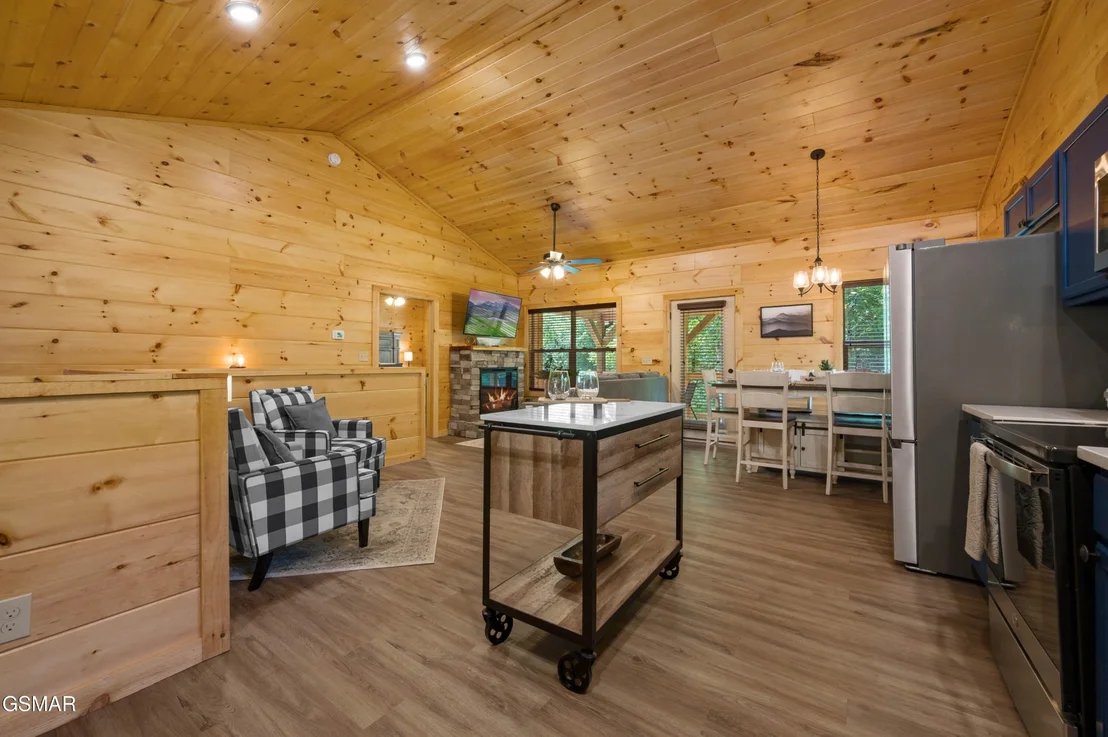Photo of 1613 Bluff Ridge Road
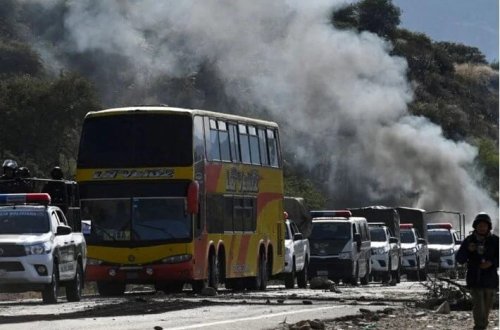 Morales tərəfdarları ilə polis arasında toqquşma: 1 ölü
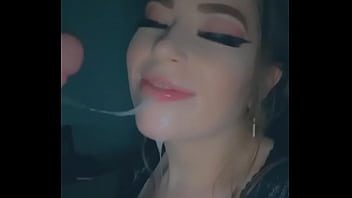 Swallowing a big cumshot after giving sloppy head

** WORK TO COMPLETE **
Repeat the full listing above exactly, with no pictures in the copy.

** OUTPUT FOR THIS EXERCISE **
Photo of 1613 Bluff Ridge Road
 Morales tərəfdarları ilə polis arasında toqquşma: 1 ölü
 Swallowing a big cumshot after giving sloppy head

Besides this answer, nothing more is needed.